Life goes on. It continues inexorably, until we are gone and dust, and even then it goes on without us.


"Arise soul
soar above the singing river
go lying down into the ground
quickened by the stream
when all is said and done
the race moves on."   Runrig, from Running to the Light



"Eventually all things merge into one, and a river runs through it. The river was cut by the world's great flood and runs over rocks from the basement of time. On some of the rocks are timeless raindrops. Under the rocks are the words, and some of the words are theirs. I am haunted by waters."  

Norman Maclean A River Runs Through It


Primordial ripples from the basement of time, Missoula, Montana, 2007


In the end we are dust.

Thursday, September 8, 2011

Light At the End of Both Tunnels

More moony writing



Progress...


Well, it's been a busy week and no rest in sight. We spent the Labor Day weekend in Montana on a whirlwind mini-holiday to visit my son in Helena. My daughter came too, so it was a real delight to be with them both. We visited my sister in Butte, and also my former in-laws, whom I hadn't seen for several years. Unfortunately when you divorce someone, you divorce their family as well. They are lovely people and I've missed having them in my life.

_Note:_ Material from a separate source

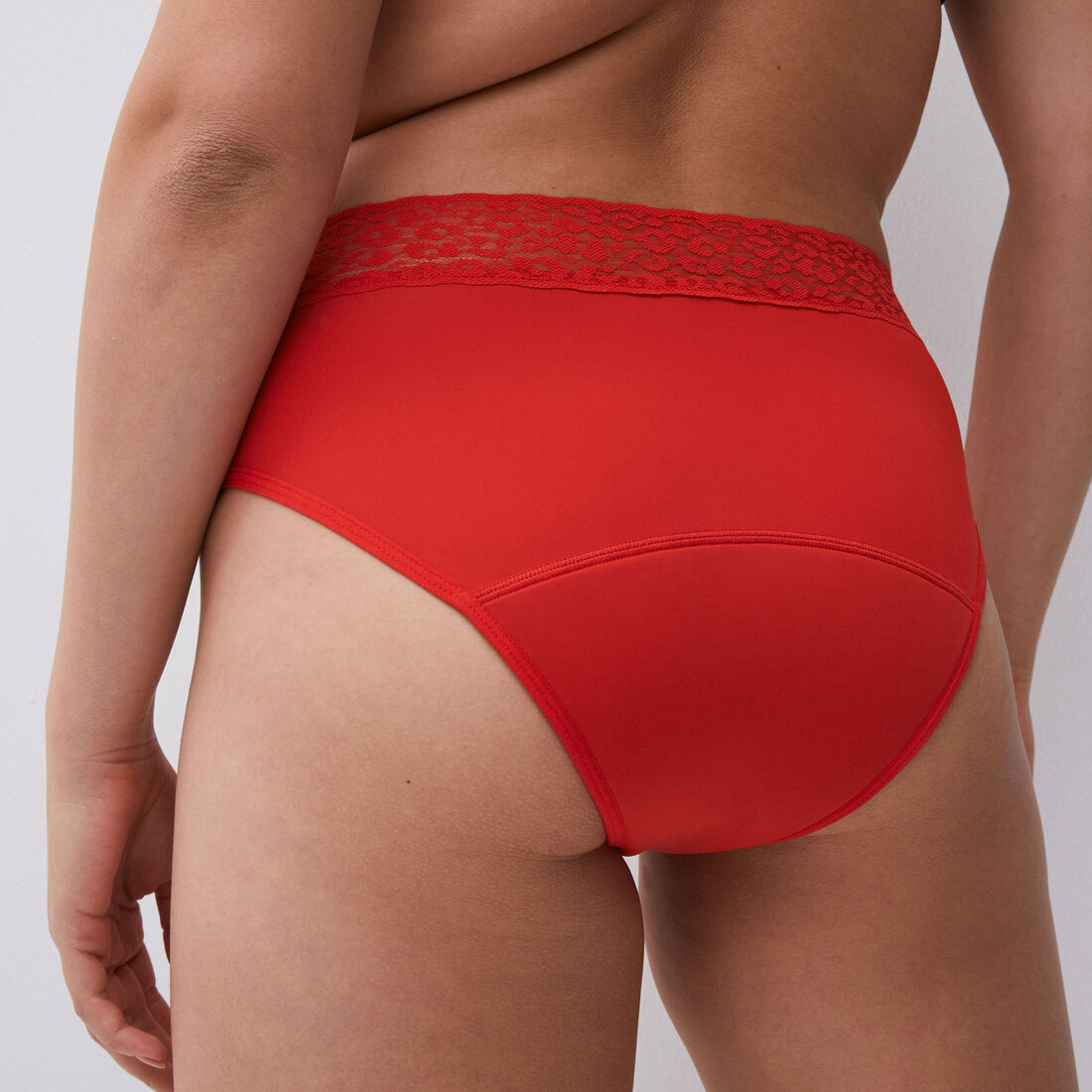 period shorty in recycled microfibre with leopard print lace band;
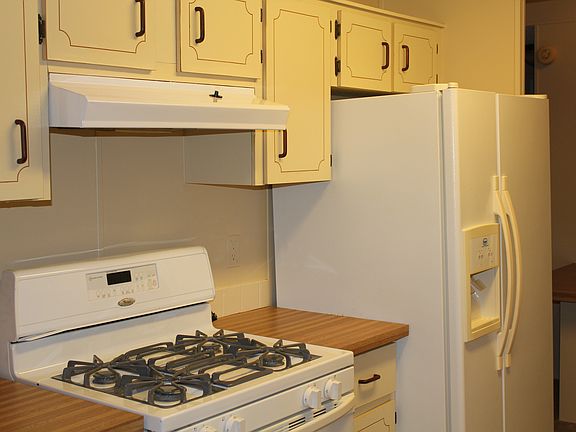 4th image of 429 Marlin Cir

The painting was finished in the studio last week, except for the window trim. The three desk-cabinets arrived today--a couple of weeks early; those will have to be put together soon so that I can reassemble my workspace.

There is light at the end--a bit of delayed gratification because we're gone again this weekend, and I start both my Gaelic classes soon, and have to finish my graduate-level course in education as well. I'm mentoring two girls on their senior projects this year, and of course I'm yearbook advisor again. Last year's book was awesome--probably my best ever. I'm very proud of it.

And the other tunnel...retirement. A few years, I tell myself. If they go as quickly as this one has, it'll be no time and we'll be making our home in Montana. Some days this notion is all that keeps me going. I just hope the light I see isn't an oncoming train.

Note to my followers: If you read this, please know that I cannot access who you are. I now have six, according to my dashboard, but they do not appear on the dashbord or the blog itself. So if you could just let me know who you all are by leaving a comment (if you want to) that would be great. Thanks.